Lasting until early 2008, the Thames River Bridge project will include the fabrication and erection of two lift towers and a lift span, re-location of the bridge tender’s control house, the installation of new machinery, electrical systems and underwater communications and signal cable. The project also calls for modification of the piers and the marine fender system that protects the piers from marine traffic.
"The aged drawbridge will be replaced by a more efficient vertical lift bridge that rises between two towers," said Peter Finch, Amtrak project engineer. "Once that is complete, rail passengers will be able to depend on a reliably operating lift span for the better part of this century."
Amtrak’s Bridge & Building department will assist Cianbro Corp. with the relocation of the bridge tender’s control house, which contains the electrical controls, machinery and back-up engine generator to operate the bridge. The new lift span, constructed by Cianbro, will have new track and walkways.
Amtrak will assist Cianbro with the installation of new timber ties and tie spacers and Amtrak crews will install the running rails, guard rails joint bars and tie plates.
Amtrak electrical crews will extend existing power and control cables and monitor the installation of the new power control system, replace the navigation lights on the bridge and install lighting on the new pier fenders.
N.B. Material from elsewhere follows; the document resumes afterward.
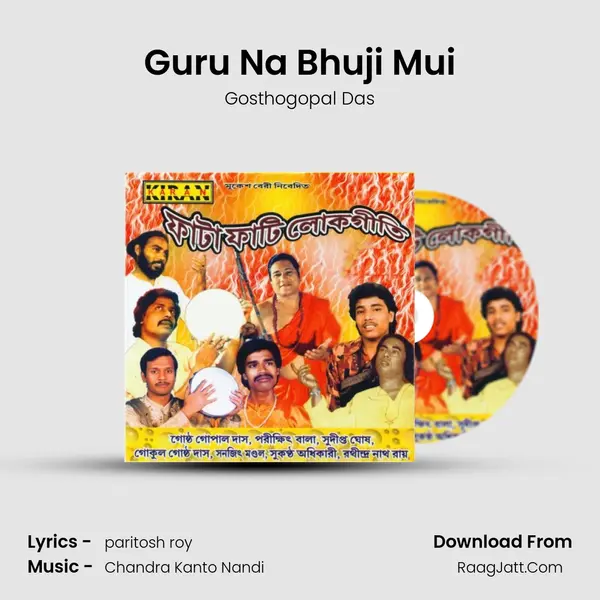 Guru Na Bhuji Mui MP3 Song by Gosthogopal Das Cover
New signal system cables and telephone service to the control house will also be installed.
During the course of the project, the impact to rail service will be minimal, with no major outages except when the bridge span is changed out, according to Amtrak. The final phase will take place in late 2007, when a four-day shutdown of the railroad will occur.
The project’s effect on maritime traffic will also be minimal, with the work schedule being coordinated with the boating community, submarine base and Coast Guard. Once installed, the new lift span is expected to improve the reliability of both rail and marine traffic by minimizing bridge mechanical problems.
The Thames River Bridge project is part of a comprehensive infrastructure program in the Northeast. Over the past three years, considerable progress has been made including the installation of 439,000 new concrete ties, 188,000 wood ties, and 225 rail miles of continuous welded rail.
Amtrak crews have also undercut 80 miles of track, installed 398 switches, retimbered 65 bridges and renewed 243 miles of electric catenary hardware. Earlier this year, Amtrak Engineering began the Rhode Island Freight Rail Improvement project and, in 2006 will begin the construction of a new interlocking in Niantic, Conn.